Toyota hands more control to U.S. division

By John O'Dell
Los Angeles Times

Toyota Motor Corp. has a message for its American operations: It's all yours.

With top management concentrating on expanding in Asia and Europe as part of Toyota's drive to grab 15 percent of the global automotive market by 2010, much of the decision-making at the company's thriving U.S. division is being put in the hands of U.S.-based, non-Japanese executives.

These days, "we don't need so many approvals from Japan," said Jim Press, executive vice president of Torrance, Calif.-based Toyota Motor Sales USA and one of only five non-Japanese members of Toyota's global management group. There is definitely no plan to cut the U.S. operations loose, but "we have more autonomy," he said.

Press, a 34-year Toyota veteran, said the newfound independence in Torrance was a goal Toyota had been working toward since it started selling cars in the United States in 1957.
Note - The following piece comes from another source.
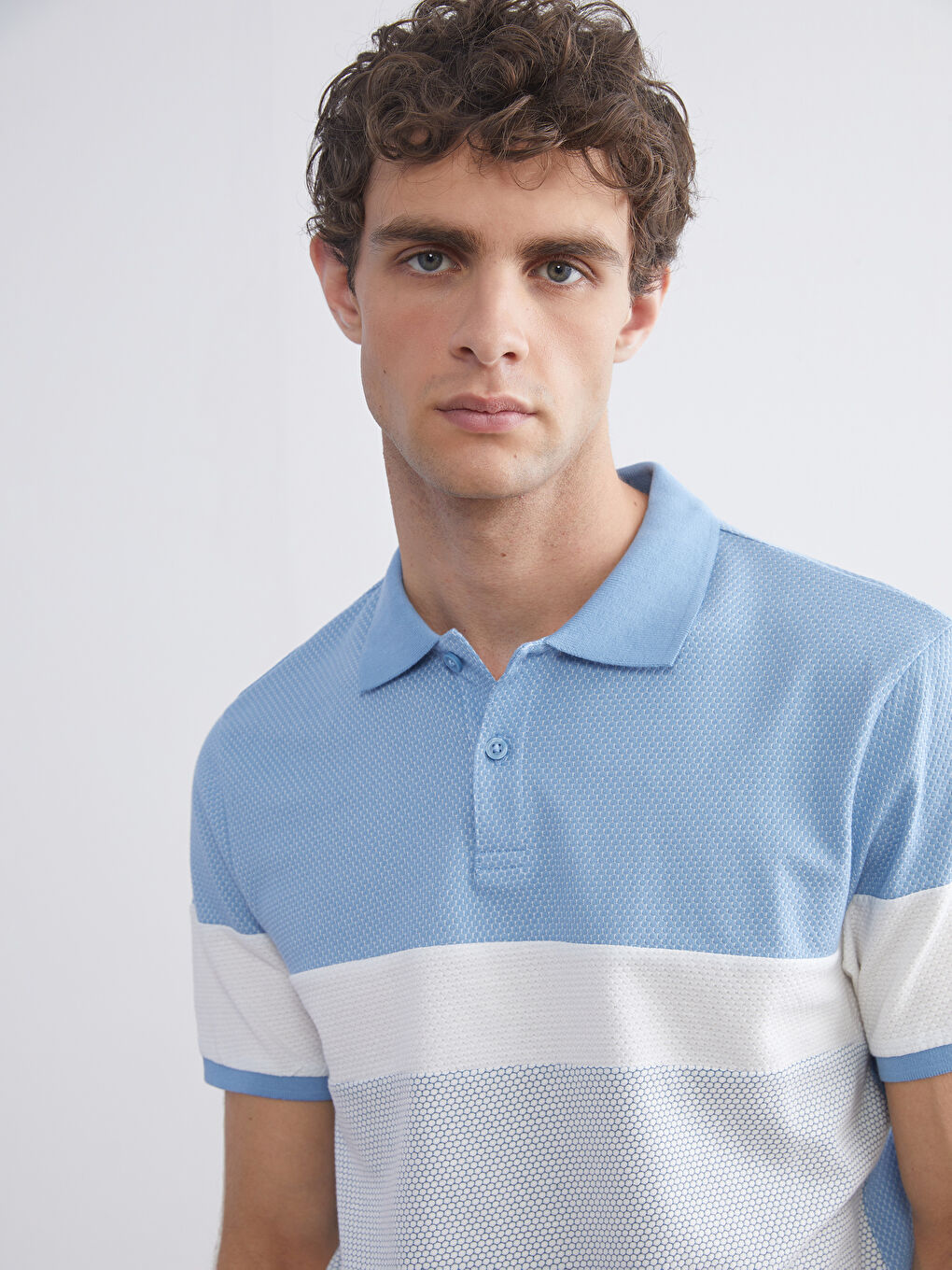 Polo Neck Color Block Men's T-Shirt-2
"As we do more and more here," he said, "it allows Toyota Motor Corporation to use its resources" in new developing markets such as China, India, Russia and Western Europe.
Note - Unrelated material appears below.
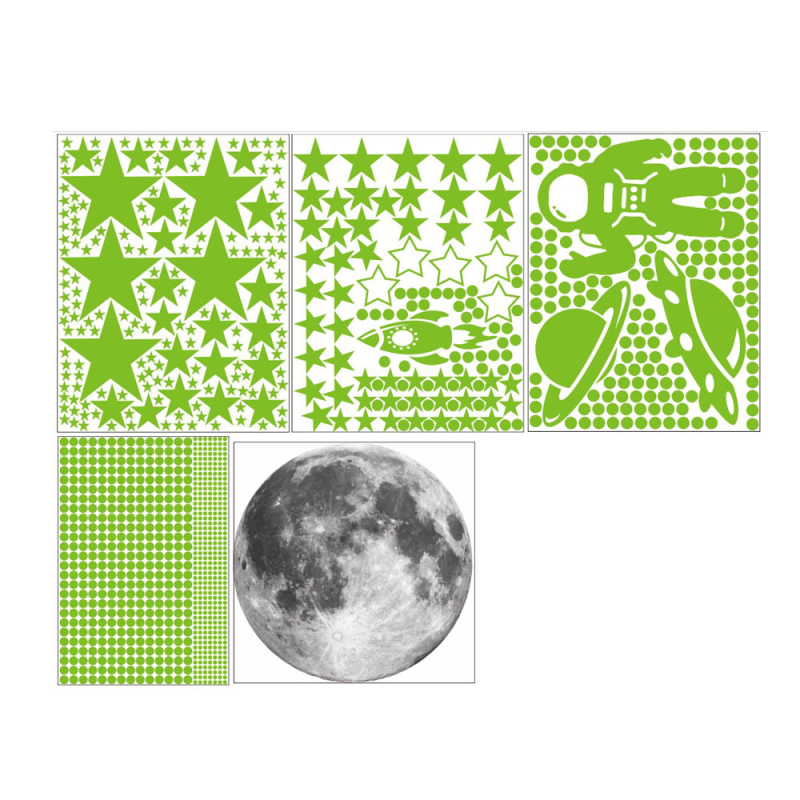 Fluorescentne zidne naljepnice – morski život: ribe i meduze, PVC, vodootporne, dekorativne, set od 3 komada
If any of the company's 36,000 North American employees had any doubts about who was in the U.S. driver's seat, they were erased in August when Toyota President Fujio Cho gave a speech at a major auto industry conference in Michigan.

"There used to be a time when we could handle everything from Japan. ... But using only Japanese advisers cannot be done anymore," Cho said. "We are stretched thin."

Toyota ranks fourth in the U.S. auto market, the world's biggest, behind General Motors Corp., Ford Motor Co. and DaimlerChrysler's Chrysler Group. Toyota sold 1.8 million cars and trucks in the United States last year, and built 60 percent of them at plants in the United States and Canada. The company is on track to sell 2 million vehicles in the United States this year and wants to increase annual North American production capacity to 1.7 million vehicles by 2006.

As part of the stepped-up drive for self-reliance, Toyota is spending more than $1.3 billion to expand U.S. production and research and development facilities over the next few years.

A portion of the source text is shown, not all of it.